> **WHAT YOU WILL DO**
Could you set down the lines from the first line of the entries below through the line with "There are lots", exactly and with no pictures?

***

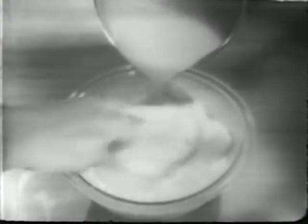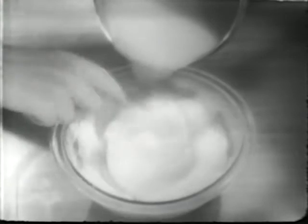Then beat up two egg whites until foamy, add sugar and beat until peaks form. Now, very slowly, fold in the hot lemon pudding mixture. Mmm, lemon meringue pudding.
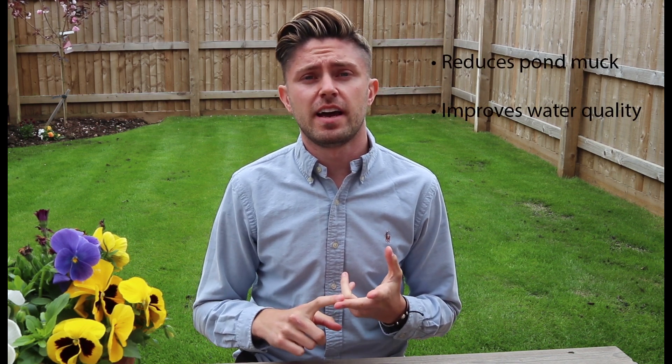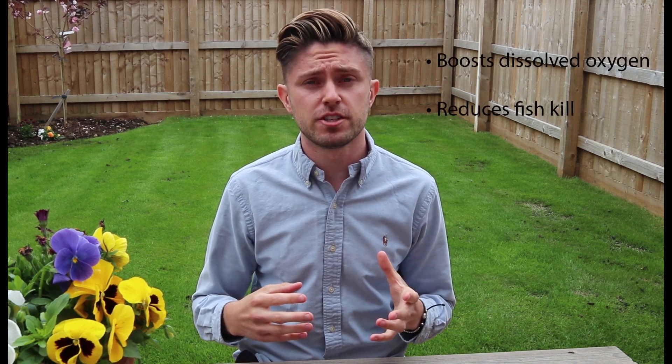There are lots of benefits to aeration. It reduces pond muck and improves water quality for a healthy pond. But if you've got fish in the pond, it's essential because aeration will improve the dissolved oxygen and ultimately reduce fish kill.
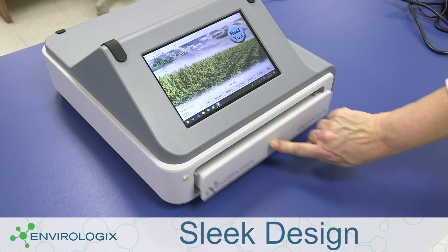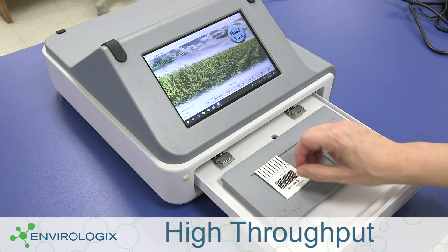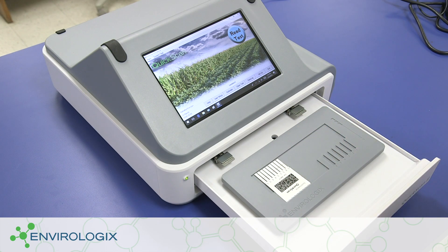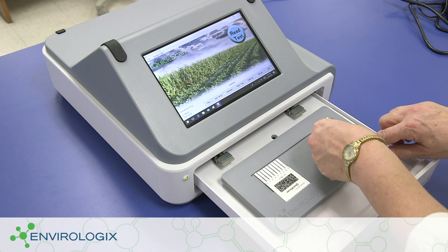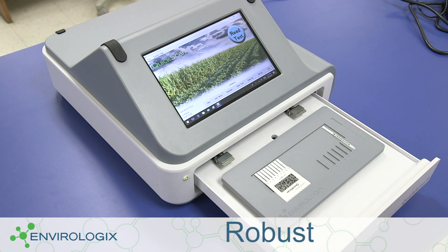The drawer that holds the combs and strips has improved recesses for easier loading and expanded capacity. The scanner orientation is improved, offering faster reading times and fewer opportunities to accumulate debris, which means less cleaning for you.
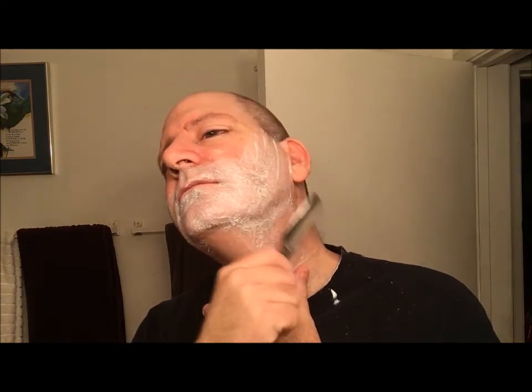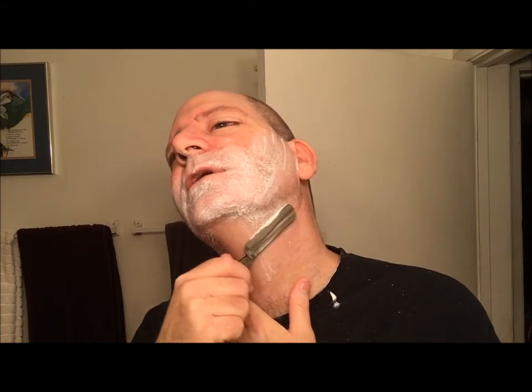I'm not getting the kind of feedback off this razor that Guy got in the video he sent me using it. But then again, I haven't been straight razor shaving for that long compared to Guy. I've got a few months under my belt and he's got multiple years under his. So I don't expect that.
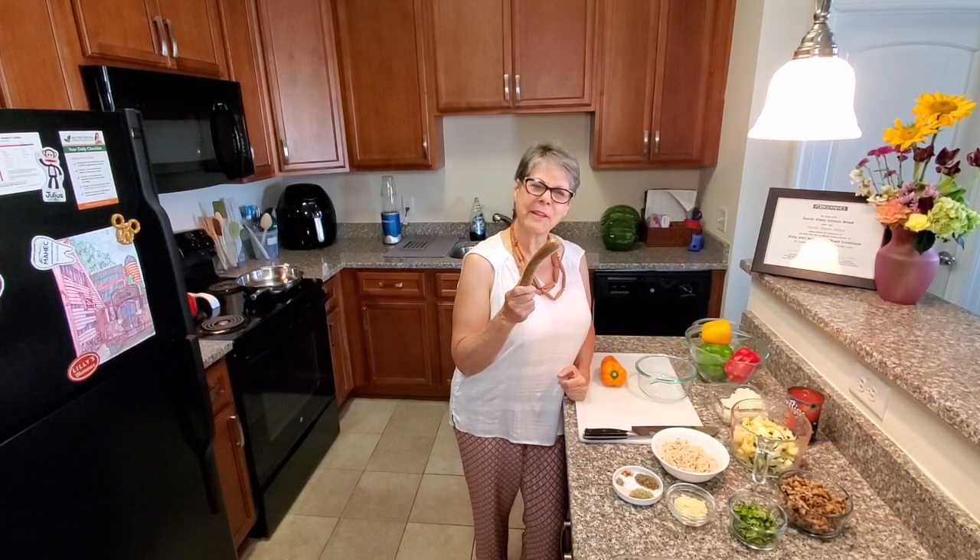Did you receive some of these at Bounty and Soul this past week? Are you wondering what the heck they are and what to do with them?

***

> **EXPECTED ANSWER**
Then beat up two egg whites until foamy, add sugar and beat until peaks form. Now, very slowly, fold in the hot lemon pudding mixture. Mmm, lemon meringue pudding.
There are lots of benefits to aeration. It reduces pond muck and improves water quality for a healthy pond. But if you've got fish in the pond, it's essential because aeration will improve the dissolved oxygen and ultimately reduce fish kill.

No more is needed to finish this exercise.